This simple python script looks for duplicates of files from the source path in the destination path and replaces them with a symlink pointing to the correct file in the source directory. Only links individual files, no folders.
By default it uses speculative caching that increases performance on previously seen files (identified by filename+filesize), in rare instances this may lead to errors so consider deactivating it if your use case includes multiple files with the same name (and potentially same size).
This version now uses json instead of pickle files to store hashes, the functionality to migrate is built in and will automatically ask you if you want to migrate the old database. If this affects you, please back up your data beforehand since obviously i have not had a lot of test cases to iron out all quirks in this regard.

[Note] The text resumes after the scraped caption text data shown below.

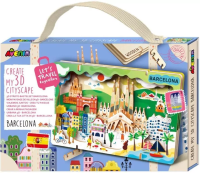 Stwórz pejzaż miejski Barcelona - puzzle drewniane. Wydawca: AVENIR. SmakLiter.pl Opakowanie Stwórz pejzaż miejski Barcelona - puzzle drewniane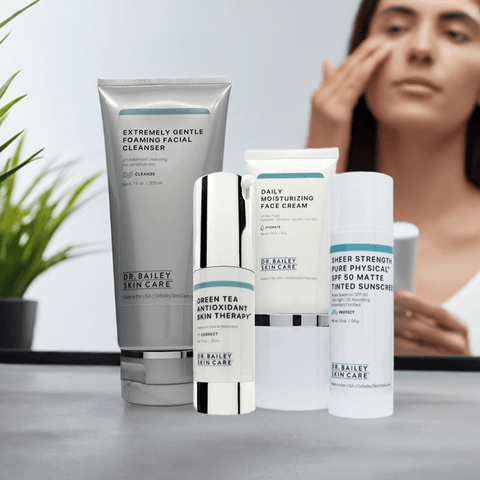 Complete Facial Skin Care Kit with cleanser, moisturizer, antioxidant, and sunscreen.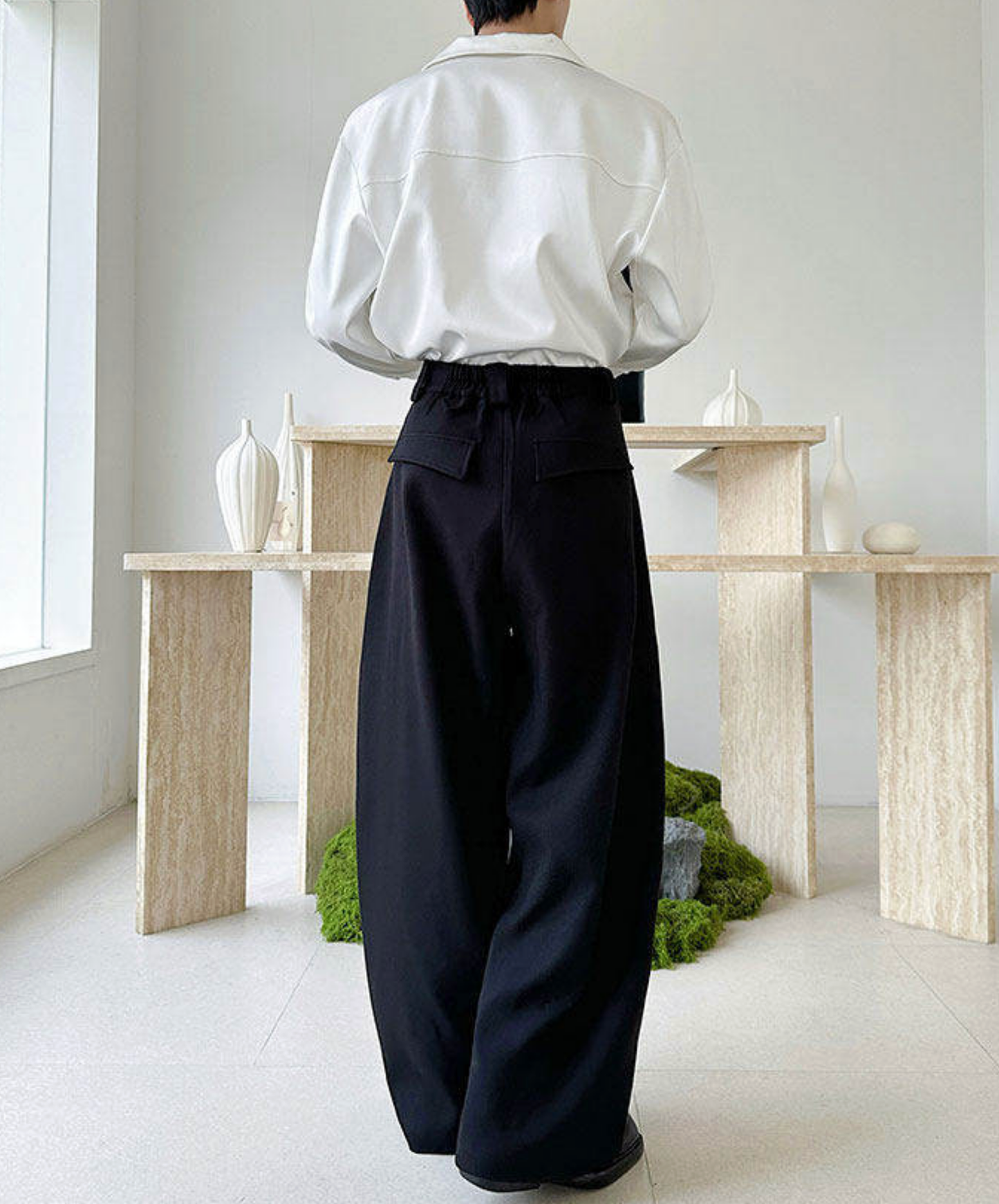 mid-high waist simple wide pants EN2711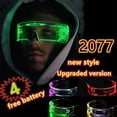 thumbnail image 4 of 2 Pieces Christmas Banquet Glowing Glasses Battery Powered Colorful Lighted Eyeglass Button Operation Luminous Eyewear Bar Pub FG34 Dual Control, 4 of 9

Download the script (or use git clone). No dependencies outside the standard library. Uses python3, not tested with python2.
find_duplicates.py [options] source destination
By default a dry-run (no-changes to destination) is started. Use --softlink
or --hardlink
to replace duplicates in destination with a link to the corresponding file in the source directory.
find_duplicates.py [-h] [--softlink] [--hardlink] [--follow-symlinks] [--no-cache] [-d] [-v] source destination
Find duplicate files in destination of files in source,delete destination file and replace it with a link originating from the corresponding source file.
positional arguments:
source Path of file or folder that serves as source for linking.
destination Path of file or folder that serves as target for linking.
options:
-h, --help show this help message and exit
--softlink Create softlinks. Without specifying soft- or hardlinks the script does just a dry-run.
--hardlink Create hardlinks. Without specifying soft- or hardlinks the script does just a dry-run.
--follow-symlinks Set this to follow symlinks, can result in redundant work or problems. Default: false
--no-cache Deactivate caching based on filename-filesize combination. Caching can cause problems, but improves speed immensely for repeated
executions
-d, --debug Print lots of debugging statements
-v, --verbose Be verbose
Let's say you use a torrent client and have data on multiple drives. With the torrent directory being /home/user/rtorrent/complete/
and most of your data being stored on /mnt/disk1/content/
, /mnt/disk2/content
etc.
You download something via the torret client and copy it onto the corresponding disk and potentially rename the files on the disk (looking at you, sonarr). Now you want to free up space on your system drive but still want to seed the torrent. By running python3 find_duplicates.py /mnt/disk1/content/ /home/user/rtorrent/complete/
the script will calculate the corresponding hashes for all files in both directories and look for matches. It is a dry-run, nothing will be changed. If you are happy with the proposed changes run the command again but add --softlink
to create symbolic links (hardlinks do not work across different drives). Then run the same command for disk2
etc.